= Task statement =
Could you repeat exactly the lines from the one containing "3VWE57BU6MM085152 2021 VOLKSWAGEN" through the last line of the records, with no pictures?

= Recorded information =
========

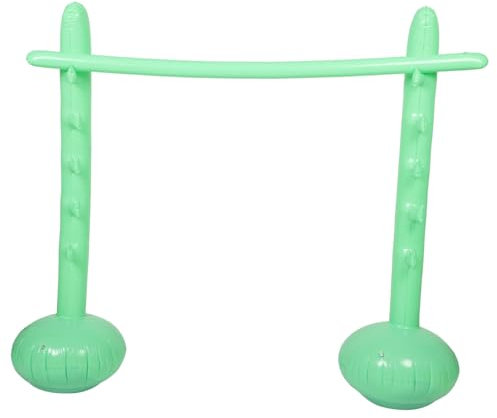 VICASKY Aufblasbarer Sprungstab Für Kinder Und Erwachsene Höhenverstellbar Aus Sicherem Aufblasbarem Material Grün Für Sommer Und Gartenpartys Outdoor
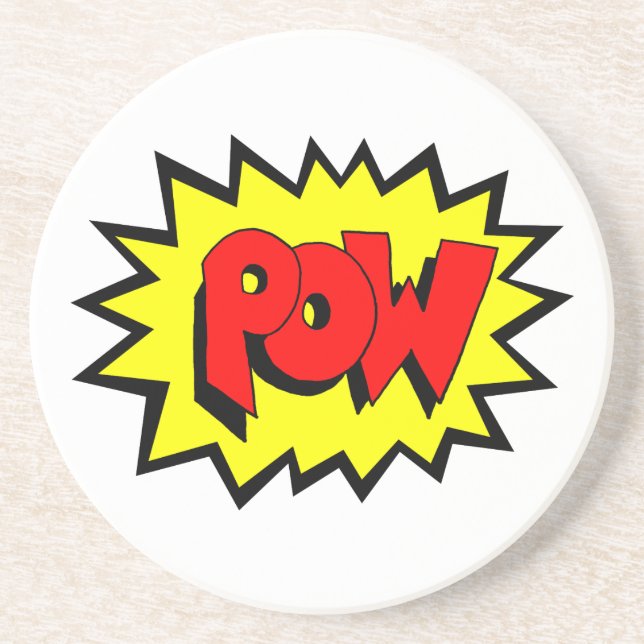 POW - Tecknad Bok Pop Art Underlägg (Framsidan)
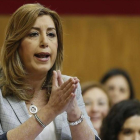 La presidenta de la Junta de Andalucía, Susana Díaz, en el Parlamento autonómico.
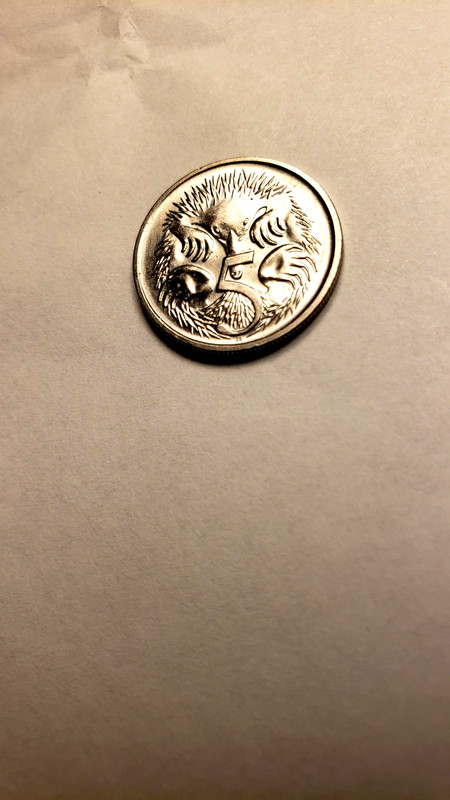 Australian 5 Cent 1993 Coin Queen Elizabeth II Value Currency Collectible Money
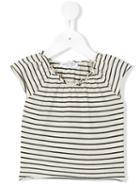 Babe And Tess - Striped T-shirt - Kids - Cotton - 12 Mth, Black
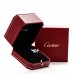 18K White Gold Diamond C De Cartier Ring 48 4.5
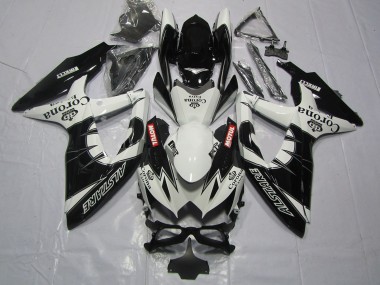 Acquista Carena Moto Suzuki GSXR 600 / GSXR 750 2008-2010 - Bianco Nero Alstare Corona Motul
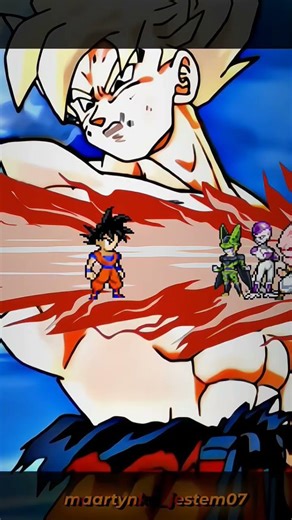 Among us in Dragon Ball Z version #goku #ssjm #dragonball #edit #anime #supersaiyan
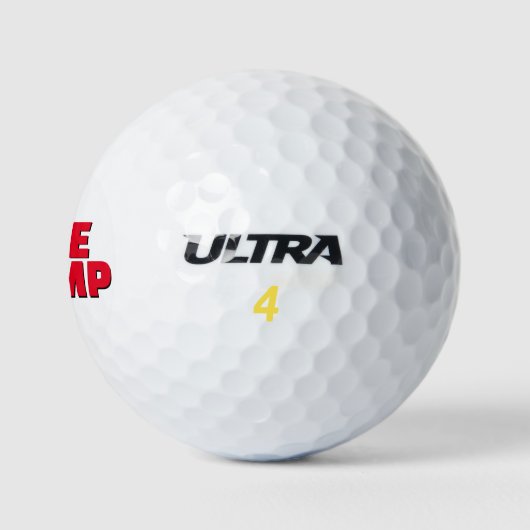 Balles De Golf Libérez Trump Funny (Logo)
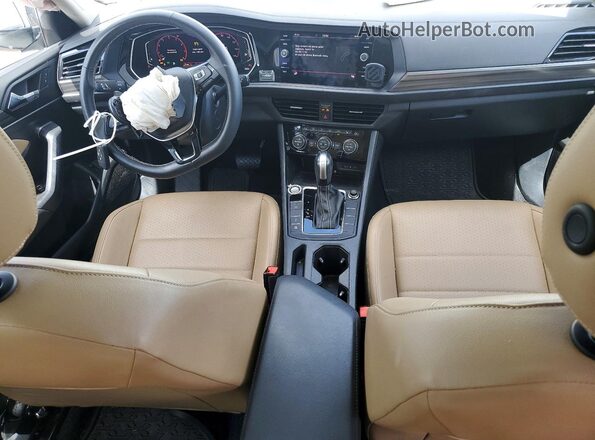 3VWE57BU6MM085152 2021 VOLKSWAGEN JETTA Белый Вид панели приборов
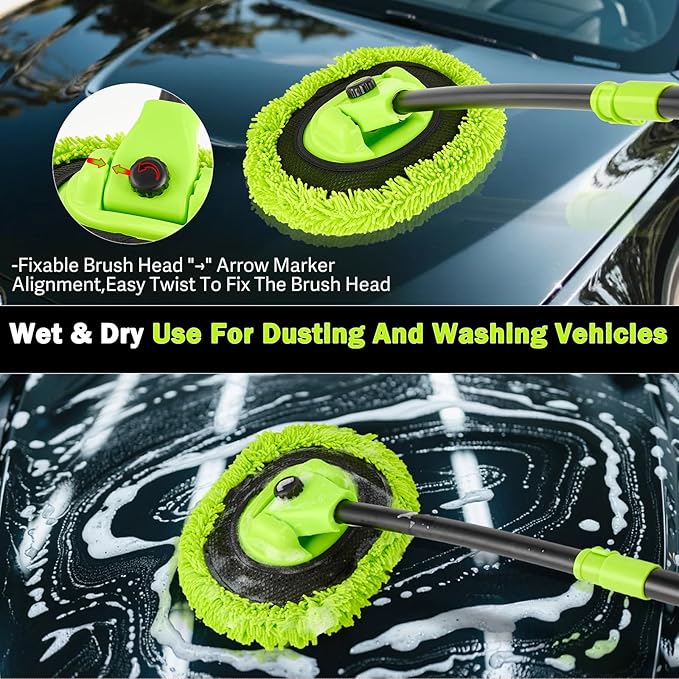 Car Wash Brush with Long Handle - Image 4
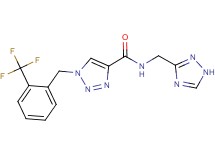 N-(1H-1,2,4-triazol-3-ylmethyl)-1-[2-(trifluoromethyl)benzyl]-1H-1,2,3-triazole-4-carboxamide
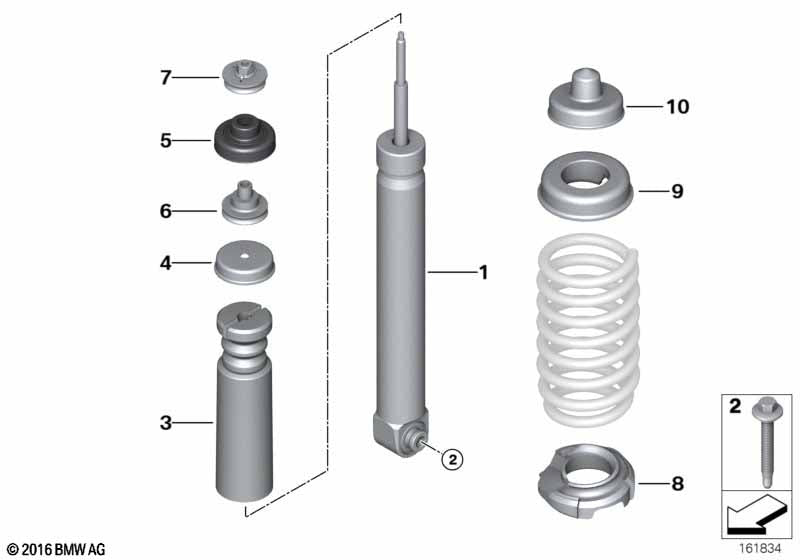 Genuine BMW 33522283638 Hex Bolt With Washer M12X1,5-10.9 | ML Performance UK Car Parts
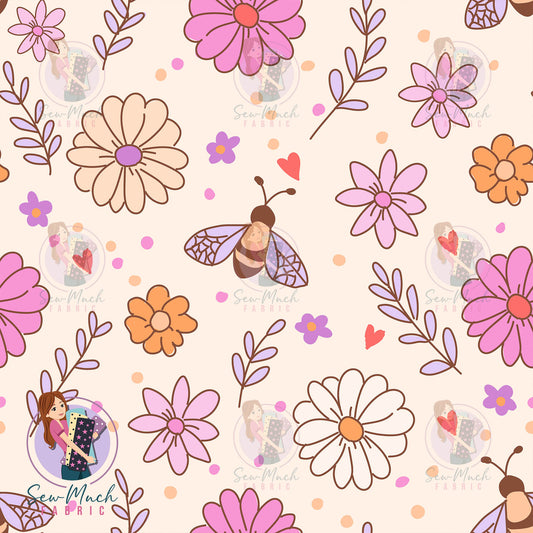 SADIE Floral | Waterproof Canvas | Retail | Average Scale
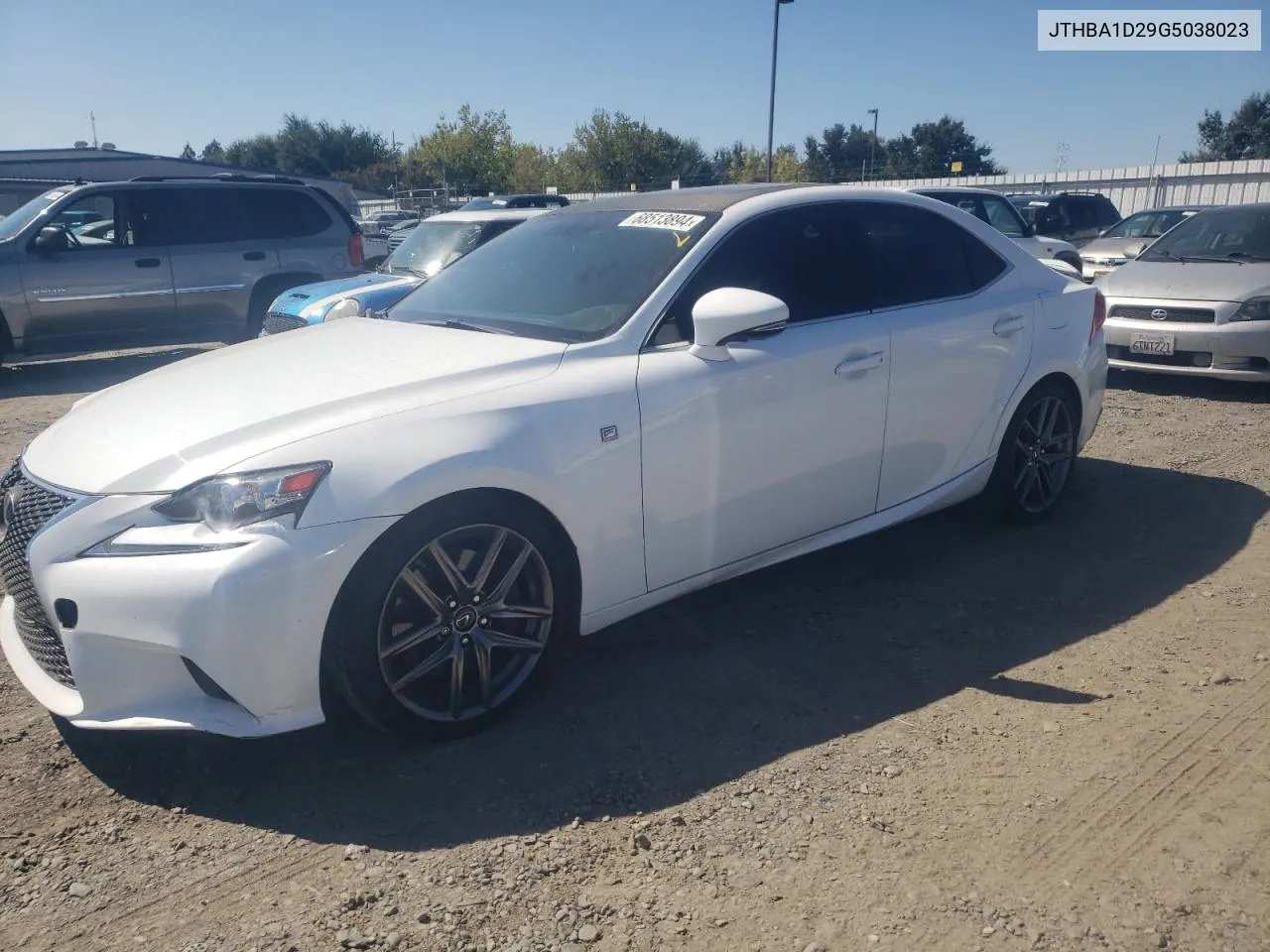 2016 Lexus Is 200T VIN: JTHBA1D29G5038023 Lot: 68513894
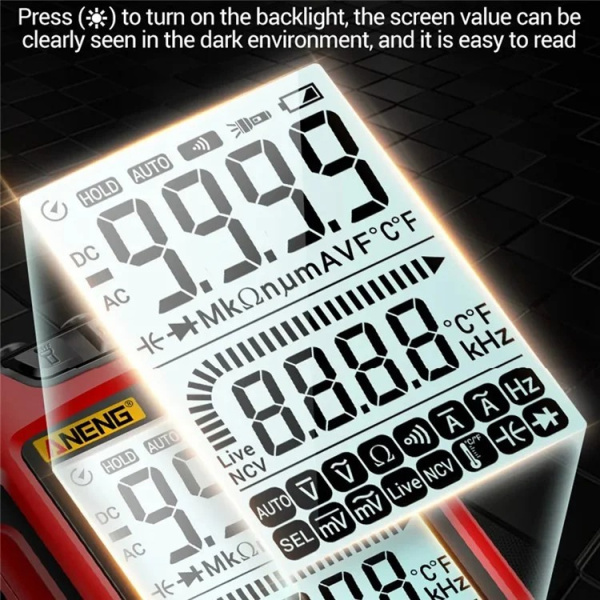 ANENG SZ02 мультиметр автомат 9999 TRMS NCV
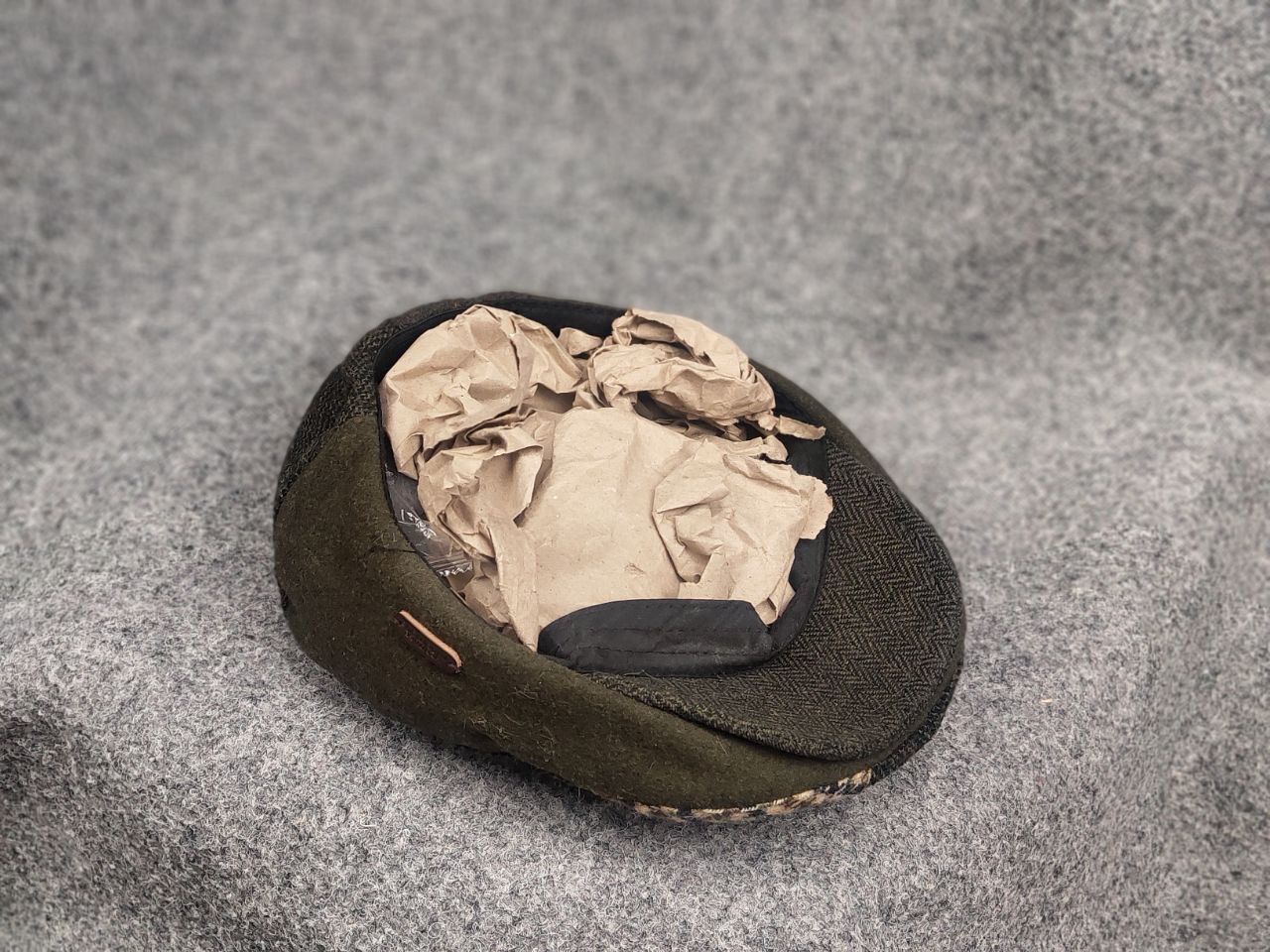 Harris Tweed Vintage 90's Heritage Harris Tweed Patchwork flat cap hat Size ONE SIZE - 7 Thumbnail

========

= Task result =
 3VWE57BU6MM085152 2021 VOLKSWAGEN JETTA Белый Вид панели приборов
 Car Wash Brush with Long Handle - Image 4
 N-(1H-1,2,4-triazol-3-ylmethyl)-1-[2-(trifluoromethyl)benzyl]-1H-1,2,3-triazole-4-carboxamide
 Genuine BMW 33522283638 Hex Bolt With Washer M12X1,5-10.9 | ML Performance UK Car Parts
 SADIE Floral | Waterproof Canvas | Retail | Average Scale
 2016 Lexus Is 200T VIN: JTHBA1D29G5038023 Lot: 68513894
 ANENG SZ02 мультиметр автомат 9999 TRMS NCV
 Harris Tweed Vintage 90's Heritage Harris Tweed Patchwork flat cap hat Size ONE SIZE - 7 Thumbnail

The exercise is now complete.